_EXERCISE INPUTS_
____

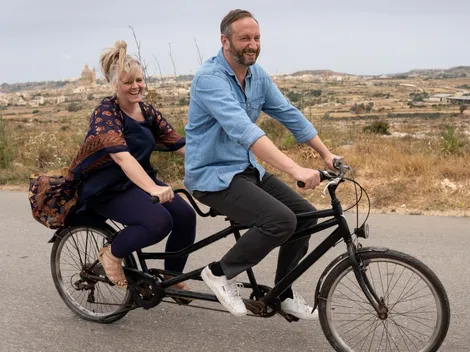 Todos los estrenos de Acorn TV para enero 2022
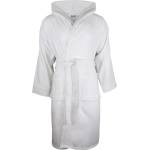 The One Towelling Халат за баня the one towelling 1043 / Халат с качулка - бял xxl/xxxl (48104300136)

____

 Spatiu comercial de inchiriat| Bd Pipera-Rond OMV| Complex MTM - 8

____

_TRY IT_
Nothing except the lines from the one containing "Todos los estrenos" through the one containing "The One Towelling Халат" should appear in the answer, exactly as above and without pictures.

_ANSWER SPACE_
 Todos los estrenos de Acorn TV para enero 2022
 The One Towelling Халат за баня the one towelling 1043 / Халат с качулка - бял xxl/xxxl (48104300136)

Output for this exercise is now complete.